# Not feeling right



## Hopefull (Dec 1, 2006)

It's coming for me, everything is scaring me now, I'm not feeling right.
I think I might just hide a while and wait for the night, dark cold and lonely.

I used to be so happy, I could smile, now my eyes are starting to close down.

I'm scared of everything, If I believed in God then maybe I could give myself up too. 
I'm not too sure about the after-life so I'm just going to keep on dreaming.


----------



## Guest (Jan 28, 2008)

Yeah, Iike that song as well :wink:

The Whitlams: Shining. 

I can see it shinin'
It's coming for me comin' out of the night
Everything is hummin' it's scarin' me now
It ain't feelin' right

Think I might just hide a while wait for the night to return
Dark and cold and lonely
Is how I feel and it feels nice
Don't want any company it just wouldn't feel right

I used to be so happy I could smile
And everything seemed to work out
Now my eyes are starting to close down
I can see you again in my dreams
You're starring my lost and lonely friend

We used to have such good times
Why did you leave before our time was through?

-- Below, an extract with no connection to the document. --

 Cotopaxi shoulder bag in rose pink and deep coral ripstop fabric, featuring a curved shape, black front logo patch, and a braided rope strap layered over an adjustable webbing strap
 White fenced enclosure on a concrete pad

Everything looks pretty we're far from the city
And I'm holding you in my arms
You feel so alive and so do I
Isn't it a pity that soon I'll wake and soon I'll cry

I can't stop reminiscing about what is missing in my life
I'm scared of everything
I got nothing to hold onto
If I believed in God then maybe I could give myself up too

But I'm not too sure about the after-life
So I'm just gonna go on dreamin' of you


----------